EXERCISE DATA:
__________

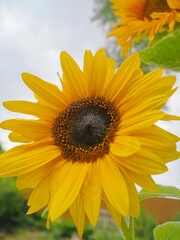 close up of vibrant yellow sunflowers seen from a low angle against a light grey sky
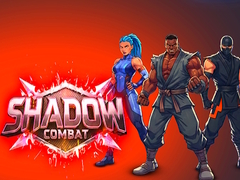 Jeu Shadow Combat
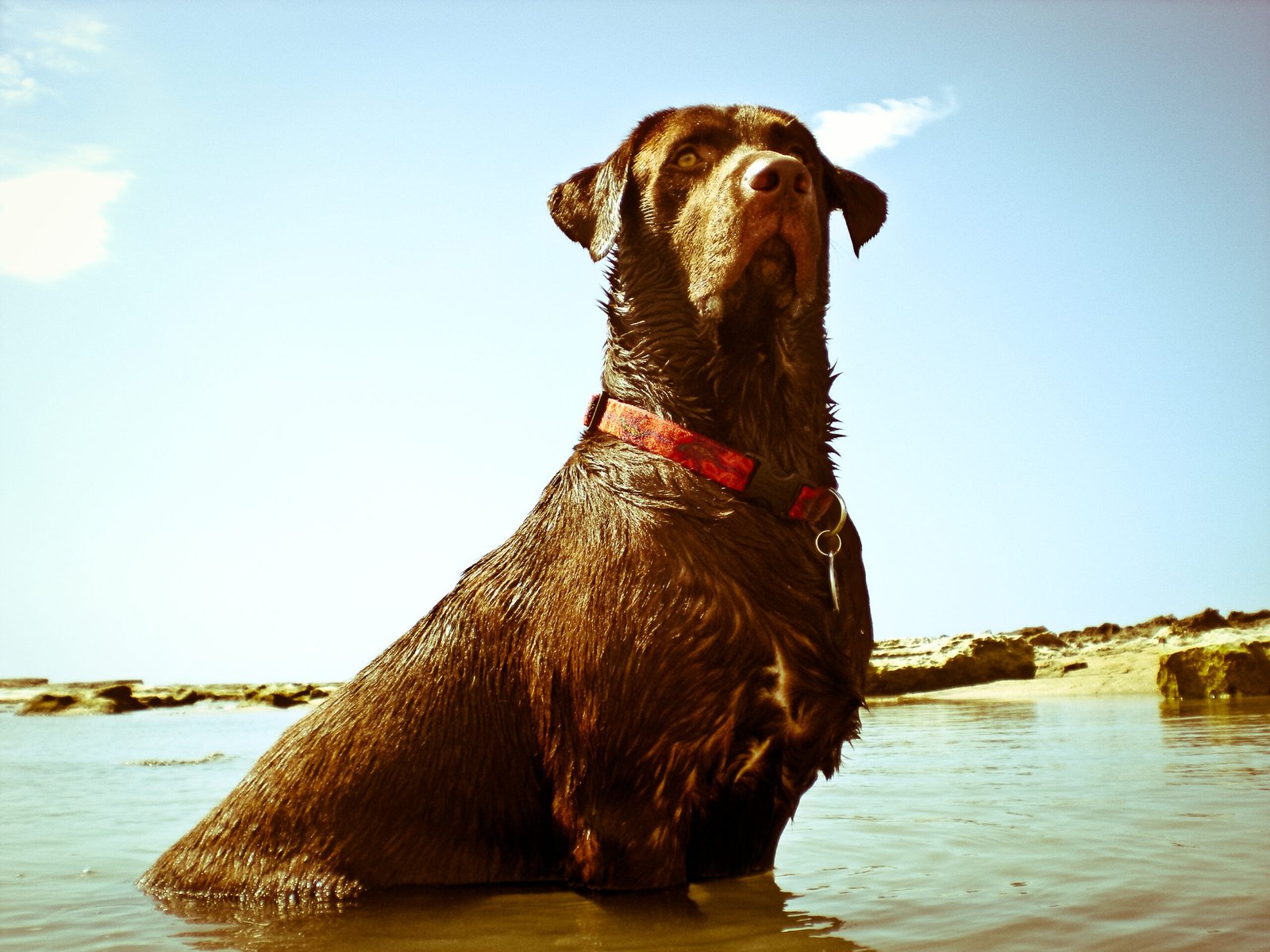 Labrador Retriever: The Classic Water Lover (image credits: wikimedia)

__________

TASK GOAL:
Leave the pictures aside and print exactly, and only, the lines from the one with "Jeu Shadow Combat" through the end of the data, both included.

RESPONSE AREA:
 Jeu Shadow Combat
 Labrador Retriever: The Classic Water Lover (image credits: wikimedia)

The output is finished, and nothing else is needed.